Installed the chart, three pods are created and deployed to three members of the cluster. Not all members join the replicaset, sometimes two will, usually none at all (by running sequential installs and then deletes + purges). It feels like a race condition behaviour.

Here is the rs.conf() on each:

MongoDB server version: 3.4.6
{
    "_id" : "rs0",
    "version" : 1,
    "protocolVersion" : NumberLong(1),
    "members" : [
        {
            "_id" : 0,
            "host" : "hub-dev-mongo-mongodb-replicaset-0.hub-dev-mongo-mongodb-replicaset.default.svc.cluster.local:27017",
            "arbiterOnly" : false,
            "buildIndexes" : true,
            "hidden" : false,
            "priority" : 1,
            "tags" : {

            },
            "slaveDelay" : NumberLong(0),
            "votes" : 1
        }
    ],
    "settings" : {
        "chainingAllowed" : true,
        "heartbeatIntervalMillis" : 2000,
        "heartbeatTimeoutSecs" : 10,
        "electionTimeoutMillis" : 10000,
        "catchUpTimeoutMillis" : 60000,
        "getLastErrorModes" : {

        },
        "getLastErrorDefaults" : {
            "w" : 1,
            "wtimeout" : 0
        },
        "replicaSetId" : ObjectId("597f7ef5e67cf022d5102008")
    }
}

MongoDB server version: 3.4.6
{
    "_id" : "rs0",
    "version" : 1,
    "protocolVersion" : NumberLong(1),
    "members" : [
        {
            "_id" : 0,
            "host" : "hub-dev-mongo-mongodb-replicaset-1.hub-dev-mongo-mongodb-replicaset.default.svc.cluster.local:27017",
            "arbiterOnly" : false,
            "buildIndexes" : true,
            "hidden" : false,
            "priority" : 1,
            "tags" : {

            },
            "slaveDelay" : NumberLong(0),
            "votes" : 1
        }
    ],
    "settings" : {
        "chainingAllowed" : true,
        "heartbeatIntervalMillis" : 2000,
        "heartbeatTimeoutSecs" : 10,
        "electionTimeoutMillis" : 10000,
        "catchUpTimeoutMillis" : 60000,
        "getLastErrorModes" : {

        },
        "getLastErrorDefaults" : {
            "w" : 1,
            "wtimeout" : 0
        },
        "replicaSetId" : ObjectId("597f808198cf2eb1cb4745ad")
    }
}

MongoDB server version: 3.4.6
{
    "_id" : "rs0",
    "version" : 1,
    "protocolVersion" : NumberLong(1),
    "members" : [
        {
            "_id" : 0,
            "host" : "hub-dev-mongo-mongodb-replicaset-2.hub-dev-mongo-mongodb-replicaset.default.svc.cluster.local:27017",
            "arbiterOnly" : false,
            "buildIndexes" : true,
            "hidden" : false,
            "priority" : 1,
            "tags" : {

            },
            "slaveDelay" : NumberLong(0),
            "votes" : 1
        }
    ],
    "settings" : {
        "chainingAllowed" : true,
        "heartbeatIntervalMillis" : 2000,
        "heartbeatTimeoutSecs" : 10,
        "electionTimeoutMillis" : 10000,
        "catchUpTimeoutMillis" : 60000,
        "getLastErrorModes" : {

        },
        "getLastErrorDefaults" : {
            "w" : 1,
            "wtimeout" : 0
        },
        "replicaSetId" : ObjectId("597f80b0d50c877690939ef0")
    }
}

Deleting a pod doesn't seem to help.

What you expected to happen:

All members, once started, join the nominated replicaSet.

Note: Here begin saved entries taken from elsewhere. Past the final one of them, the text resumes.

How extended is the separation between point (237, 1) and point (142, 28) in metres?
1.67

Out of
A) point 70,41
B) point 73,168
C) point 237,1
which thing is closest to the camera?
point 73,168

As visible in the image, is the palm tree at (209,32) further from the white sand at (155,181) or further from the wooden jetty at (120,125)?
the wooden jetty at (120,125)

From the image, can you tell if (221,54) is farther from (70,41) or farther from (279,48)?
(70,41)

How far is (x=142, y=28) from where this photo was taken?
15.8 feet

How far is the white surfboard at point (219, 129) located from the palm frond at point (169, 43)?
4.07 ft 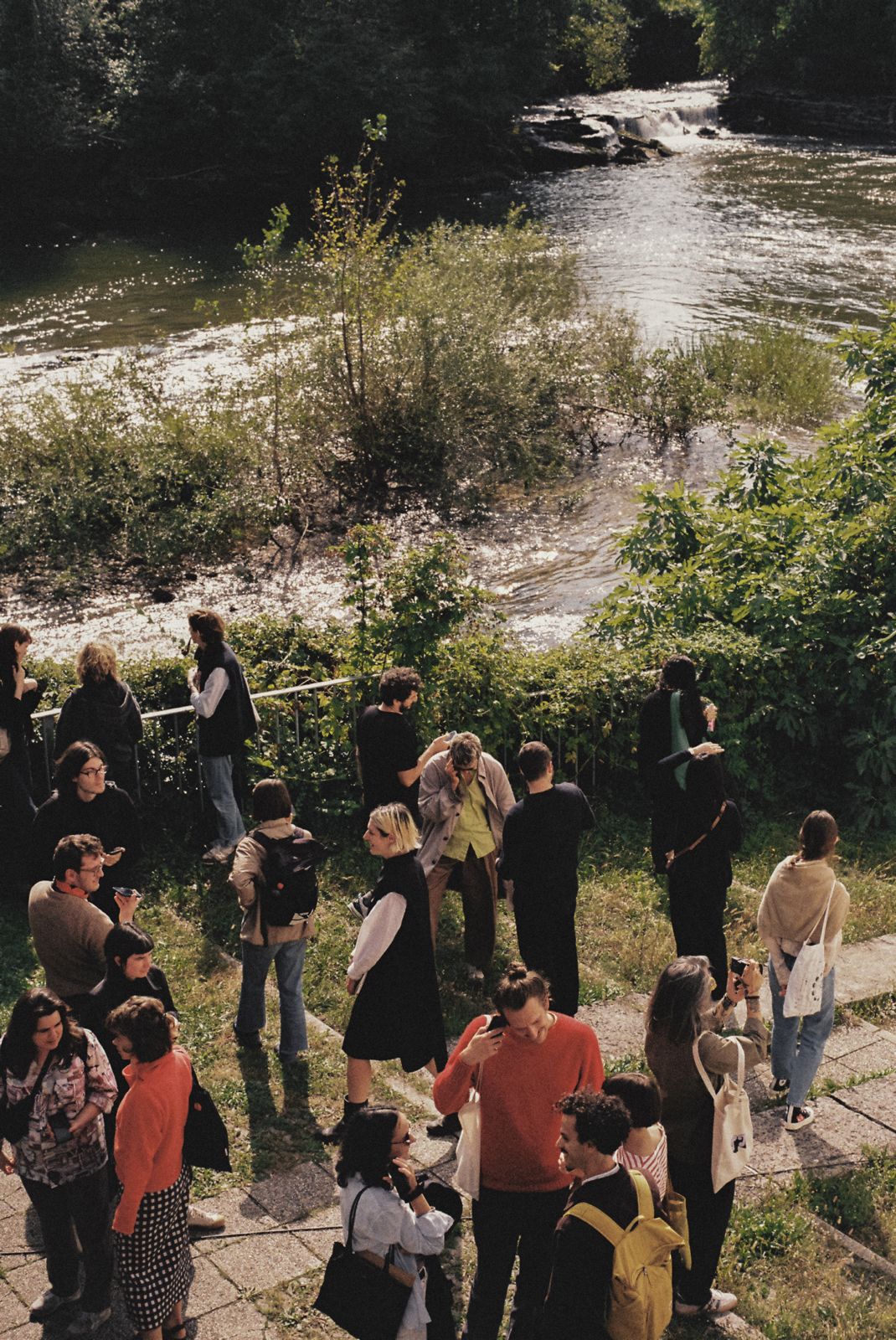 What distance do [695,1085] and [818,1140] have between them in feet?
5.69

How to reproduce it (as minimally and precisely as possible): Run the install command, sometimes 2 members join the replicaSet, usually none.

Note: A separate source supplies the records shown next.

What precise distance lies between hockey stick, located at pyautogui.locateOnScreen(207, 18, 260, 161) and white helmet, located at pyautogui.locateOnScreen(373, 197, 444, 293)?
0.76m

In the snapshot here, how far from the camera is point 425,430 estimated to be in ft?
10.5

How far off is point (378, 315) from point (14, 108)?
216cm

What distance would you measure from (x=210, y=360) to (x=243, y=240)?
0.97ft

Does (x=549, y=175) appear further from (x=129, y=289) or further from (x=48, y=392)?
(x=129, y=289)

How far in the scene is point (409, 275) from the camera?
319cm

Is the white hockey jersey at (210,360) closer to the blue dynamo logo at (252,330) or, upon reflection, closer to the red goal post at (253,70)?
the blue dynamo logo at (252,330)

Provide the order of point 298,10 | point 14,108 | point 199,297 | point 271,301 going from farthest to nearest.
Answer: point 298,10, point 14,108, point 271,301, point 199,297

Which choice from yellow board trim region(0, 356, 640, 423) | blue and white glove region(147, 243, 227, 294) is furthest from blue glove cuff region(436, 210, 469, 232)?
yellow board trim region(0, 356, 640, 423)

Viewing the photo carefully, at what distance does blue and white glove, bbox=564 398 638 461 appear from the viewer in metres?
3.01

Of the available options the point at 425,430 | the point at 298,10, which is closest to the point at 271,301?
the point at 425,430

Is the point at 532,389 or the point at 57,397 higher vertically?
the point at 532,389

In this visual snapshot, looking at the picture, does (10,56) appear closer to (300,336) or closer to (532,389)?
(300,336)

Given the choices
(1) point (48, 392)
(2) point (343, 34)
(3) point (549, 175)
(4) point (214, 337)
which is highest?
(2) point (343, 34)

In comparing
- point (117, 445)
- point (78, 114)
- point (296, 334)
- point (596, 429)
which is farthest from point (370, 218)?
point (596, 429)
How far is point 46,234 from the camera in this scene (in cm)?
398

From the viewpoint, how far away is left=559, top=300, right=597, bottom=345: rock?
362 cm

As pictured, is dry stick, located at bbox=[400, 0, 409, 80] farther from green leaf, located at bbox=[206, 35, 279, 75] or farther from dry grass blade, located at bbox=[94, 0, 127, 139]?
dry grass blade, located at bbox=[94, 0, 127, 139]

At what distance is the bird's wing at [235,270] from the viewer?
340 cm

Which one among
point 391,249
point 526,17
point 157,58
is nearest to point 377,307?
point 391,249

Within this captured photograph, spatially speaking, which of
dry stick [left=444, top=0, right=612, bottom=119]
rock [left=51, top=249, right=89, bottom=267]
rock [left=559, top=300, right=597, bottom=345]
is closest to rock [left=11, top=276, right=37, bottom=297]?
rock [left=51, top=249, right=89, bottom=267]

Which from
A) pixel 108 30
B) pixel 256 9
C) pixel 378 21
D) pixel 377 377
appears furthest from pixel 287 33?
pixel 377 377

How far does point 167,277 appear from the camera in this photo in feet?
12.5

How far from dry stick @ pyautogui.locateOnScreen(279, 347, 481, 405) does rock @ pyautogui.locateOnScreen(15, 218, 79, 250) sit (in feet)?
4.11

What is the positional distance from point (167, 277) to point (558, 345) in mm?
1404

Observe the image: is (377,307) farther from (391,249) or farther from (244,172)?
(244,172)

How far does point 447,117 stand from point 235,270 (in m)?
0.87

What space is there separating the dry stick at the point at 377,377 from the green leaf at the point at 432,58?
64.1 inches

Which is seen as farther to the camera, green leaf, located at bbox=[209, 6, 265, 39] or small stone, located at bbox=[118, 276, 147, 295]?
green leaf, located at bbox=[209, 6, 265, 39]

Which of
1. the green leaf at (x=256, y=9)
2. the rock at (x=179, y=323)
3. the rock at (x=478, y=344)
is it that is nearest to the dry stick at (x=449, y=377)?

Anything else we need to know: This is a bare metal install of kubernetes on Core OS. The only noteworthy aspect of this set up is I'm using nfs-client storage to generate PVC requests to an external NAS (https://github.com/kubernetes-incubator/external-storage/tree/master/nfs-client). Perhaps a race condition around that and its performance (seems fast enough...)?

Not sure if that's relevant, volume claims do work fine on other applications.

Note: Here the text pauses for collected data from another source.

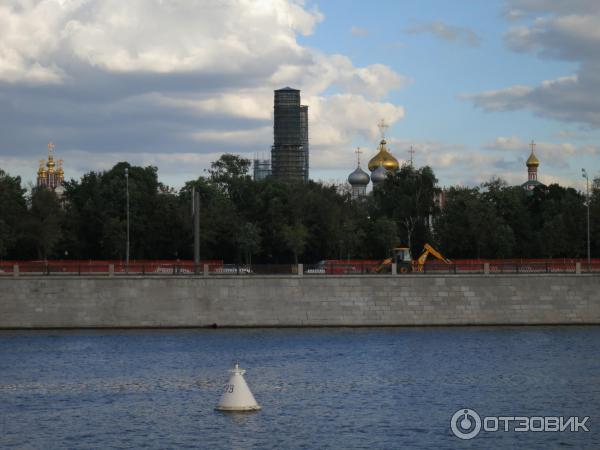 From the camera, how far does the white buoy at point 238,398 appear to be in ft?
141

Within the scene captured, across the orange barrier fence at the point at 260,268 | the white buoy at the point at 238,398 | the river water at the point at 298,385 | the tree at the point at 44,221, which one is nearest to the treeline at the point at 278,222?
the tree at the point at 44,221

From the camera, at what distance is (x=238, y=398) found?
4328 cm

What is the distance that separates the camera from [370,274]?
251 feet

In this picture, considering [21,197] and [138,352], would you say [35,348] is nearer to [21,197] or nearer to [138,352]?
[138,352]

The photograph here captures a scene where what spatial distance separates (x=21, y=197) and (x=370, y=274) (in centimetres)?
4849

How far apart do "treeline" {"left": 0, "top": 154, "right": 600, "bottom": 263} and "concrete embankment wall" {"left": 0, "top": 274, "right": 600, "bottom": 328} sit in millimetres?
31259

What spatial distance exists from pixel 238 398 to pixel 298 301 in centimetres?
3190

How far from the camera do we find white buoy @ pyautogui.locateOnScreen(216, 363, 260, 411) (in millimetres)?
42938

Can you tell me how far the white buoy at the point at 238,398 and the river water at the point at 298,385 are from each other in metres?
0.51

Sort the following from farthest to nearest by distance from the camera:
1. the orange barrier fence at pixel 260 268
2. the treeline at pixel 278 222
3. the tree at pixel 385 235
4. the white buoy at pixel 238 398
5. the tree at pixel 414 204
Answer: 1. the tree at pixel 414 204
2. the tree at pixel 385 235
3. the treeline at pixel 278 222
4. the orange barrier fence at pixel 260 268
5. the white buoy at pixel 238 398

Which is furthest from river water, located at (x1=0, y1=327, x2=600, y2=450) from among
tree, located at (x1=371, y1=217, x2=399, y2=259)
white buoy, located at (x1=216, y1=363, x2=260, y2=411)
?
tree, located at (x1=371, y1=217, x2=399, y2=259)

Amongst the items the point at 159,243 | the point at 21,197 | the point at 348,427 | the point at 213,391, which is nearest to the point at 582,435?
the point at 348,427

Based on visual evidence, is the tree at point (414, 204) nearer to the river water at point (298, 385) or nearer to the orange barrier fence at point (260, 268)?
the orange barrier fence at point (260, 268)

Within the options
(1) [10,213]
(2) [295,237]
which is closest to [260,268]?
(2) [295,237]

unguiculus commented 7 years ago

Hm, sounds weird. I've been using this for months without such issues.

@foxish Any ideas?

ggn06awu commented 7 years ago

@unguiculus turned out two of the 5 worker nodes appeared healthy but actually had a docker bridge issue (not lifting the correct subnet from flannel's configuration). DNS resolution was subsequently timing out and the replicaSet wasn't able to resolve the other expected members. Closing accordingly, thanks for looking.

gvenki commented 6 years ago

Hi @ggn06awu , i am having similar issue, can you help me what need's to be corrected ? thanks in advance

dreamalarm commented 6 years ago

I am also facing the same issue! In my case, all 3 replicaset created but without valid replica set config

"ismaster" : false,
    "secondary" : false,
    "info" : "Does not have a valid replica set config",
    "isreplicaset" : true,

stefanthorpe commented 6 years ago

Having the same issue.

Simple running:

cfg = rs.config()
rs.reconfig(cfg, {force:true})

Gets the cluster back up again, but clearly this isn't a fix.

I'm also able to reproduce the error. If a do a serious of db.shutdownServer() across my clusters.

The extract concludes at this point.